Share indexes in the US fell on Wednesday on Macy’s grim report and a speech by the president of the Philadelphia Federal Reserve Board warning against a continuation of the Fed’s policy of aggressive interest rate cutting.

The Dow Jones Industrial Average declined by 65 points, bringing its fall since the beginning of the year to 8 percent and its decline from its record close of October 9 to 14 percent. The Nasdaq Composite Index lost 30 points, down 20 percent from its October 31 high—the threshold considered to define a bear market. The Standard & Poor’s 500 Index dropped 10 points, down 9.7 percent so far this year and 15 percent below its own record close on October 9.

These declines followed Tuesday’s massive selloff—minus 370 for the Dow, minus 73 for Nasdaq, and minus 44 for the S&P 500—sparked by the Institute for Supply Management’s report of a virtual collapse in service sector business activity in January.

Stocks recovered marginally on Thursday, despite the dismal retail sales reports. One factor in the uptick was growing confidence among market traders that the Fed will respond to recessionary trends by cutting interest rates at least another .50 percent when it meets next month, or even announce yet another emergency cut in advance of its scheduled policy meeting.

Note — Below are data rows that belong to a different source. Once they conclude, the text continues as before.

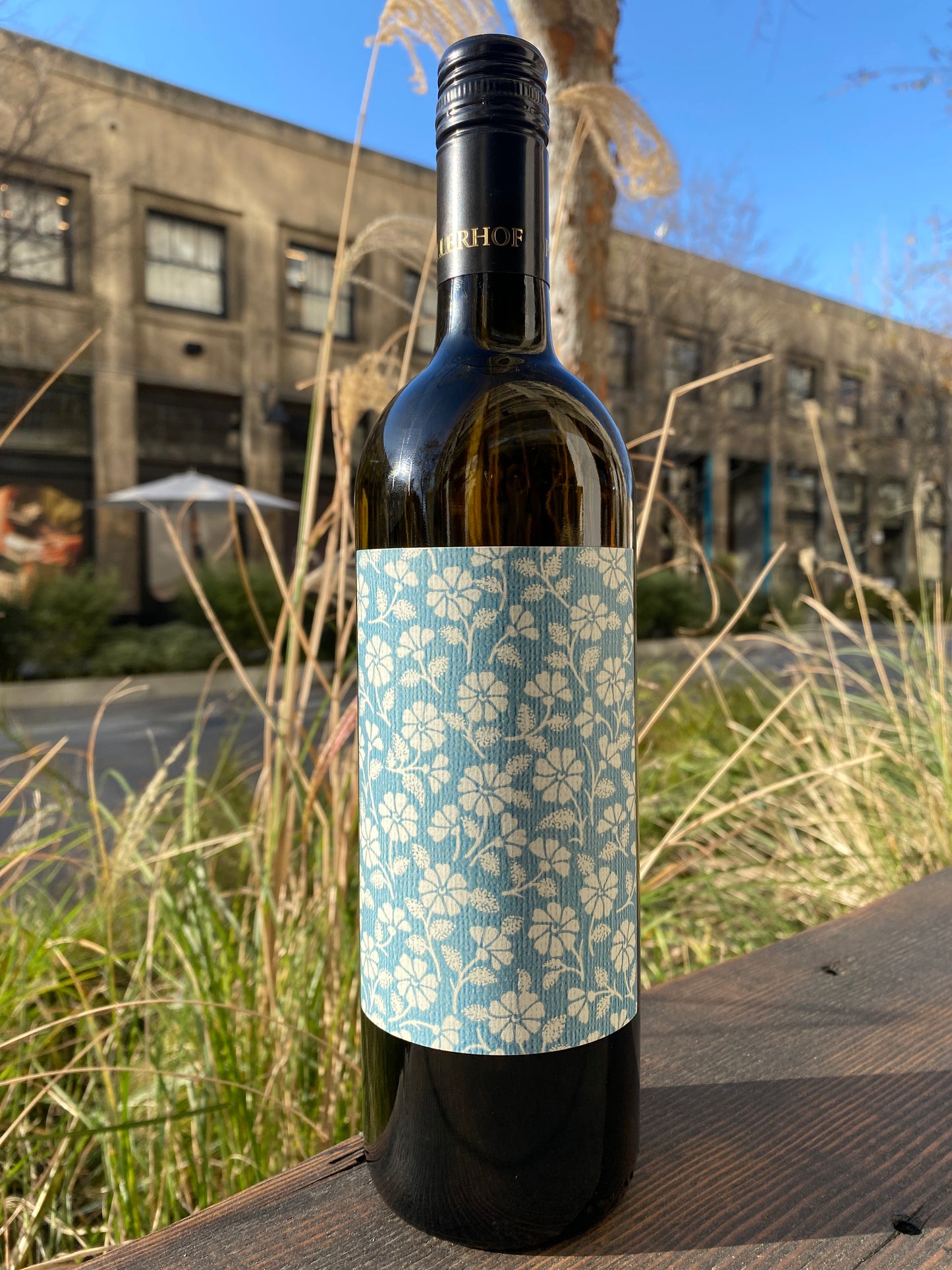 Der Pollerhof Frau Mayer Gruner Veltliner
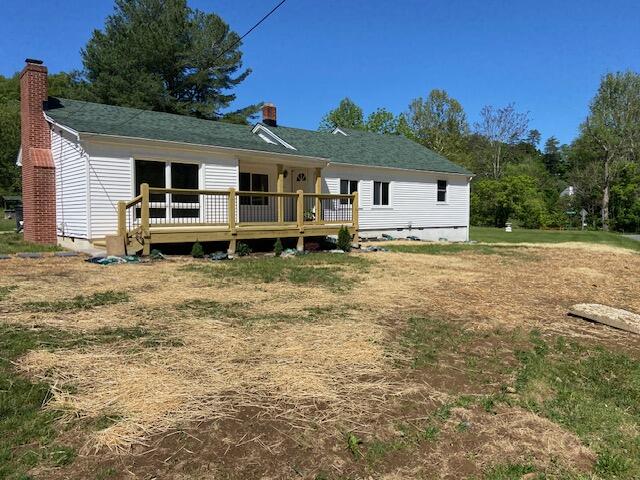 6717 Dawnwood Road Roanoke, VA 24018 - Photo 4 of 8 Front view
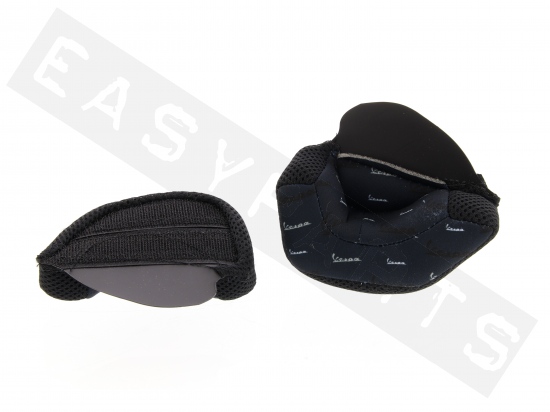 Piaggio Cheek Pads for VESPA Modernist Helmet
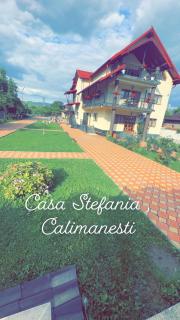 Casa Stefania 1 - Călimăneşti - 9
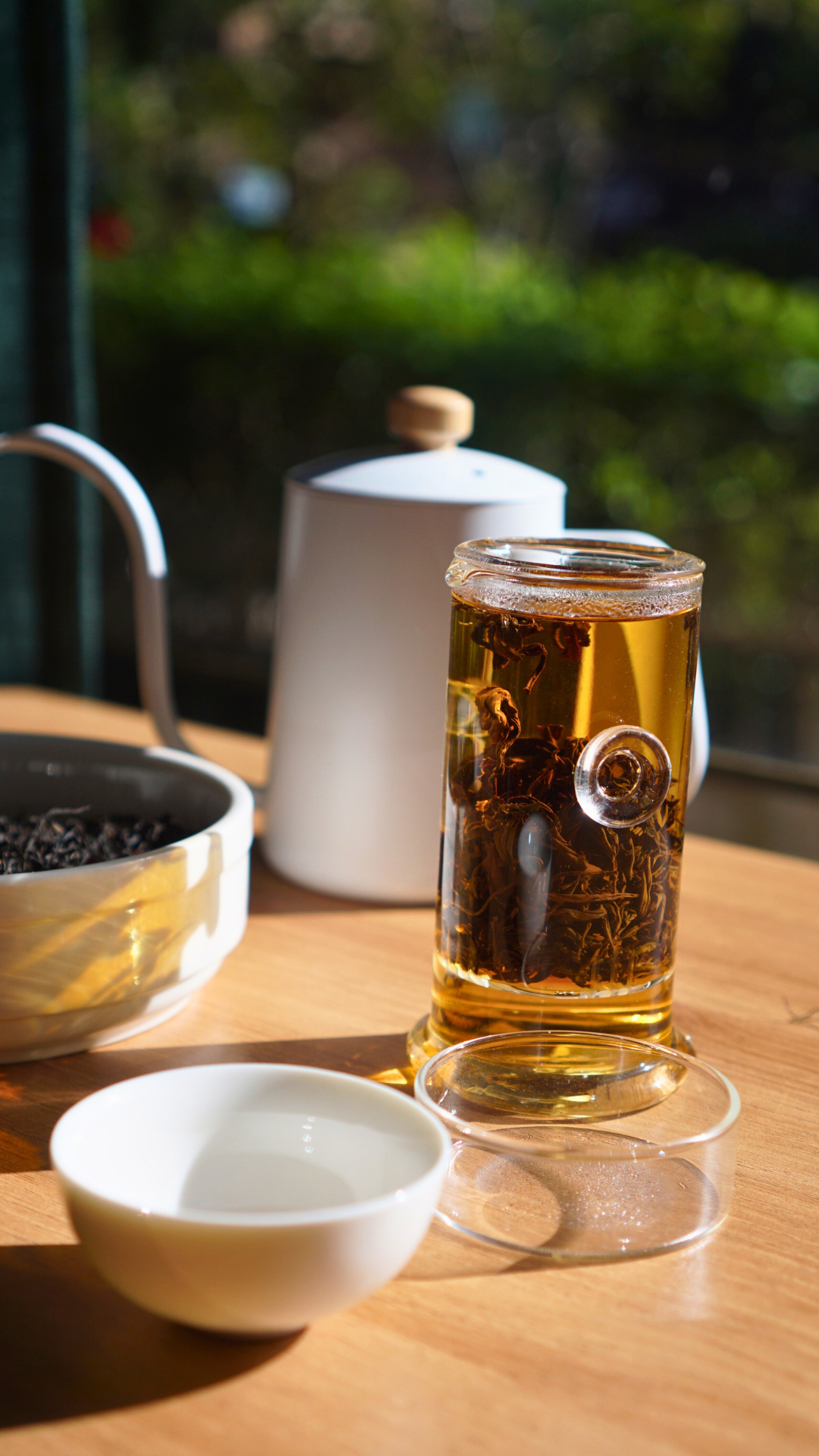 Osmanthus Qimen Black Tea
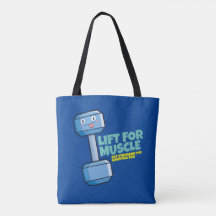 Customizable Lift for Muscle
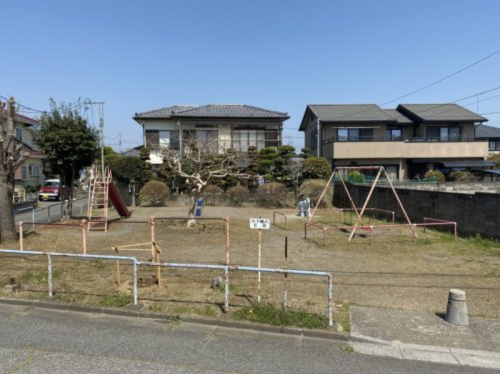 久下権八公園の画像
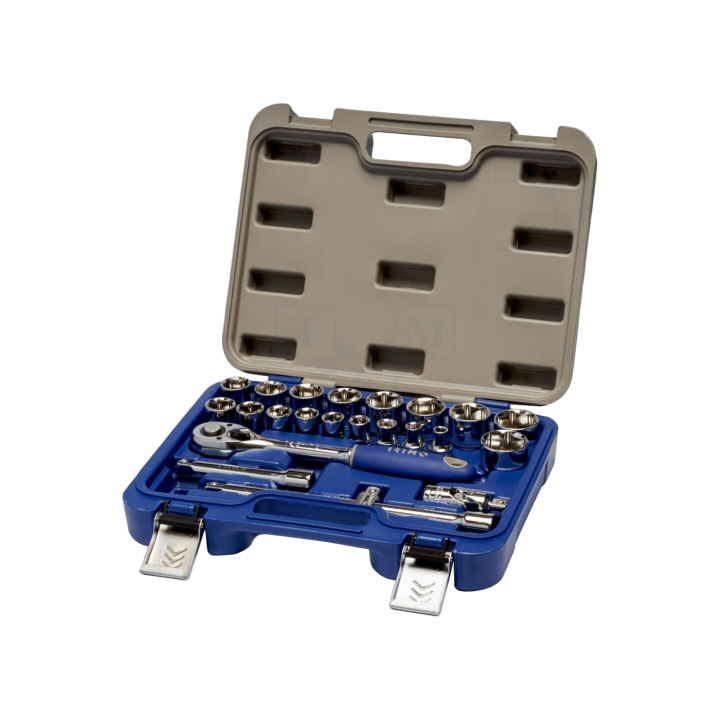 SA.129-23-4 Irimo - Set di chiavi 6-angoli,a tubo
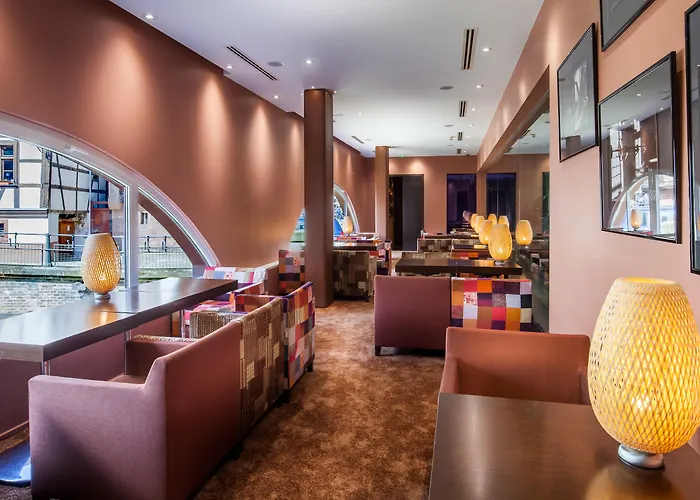 Hotel & Spa Regent Petite France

Responding to the growth of recessionary currents in Europe, the Bank of England on Thursday cut interest rates by a quarter percentage point to 5.25 percent. The move was a reaction to “slower consumer spending and a weakening housing market,” said Wachovia Corp. analyst Jill Trainor.

The European Central Bank held its key rate steady at 4 percent, but ECB President Jean-Claude Trichet reversed his previous position and told a news conference he was open to rate cuts down the road because of weakening economic growth in Europe.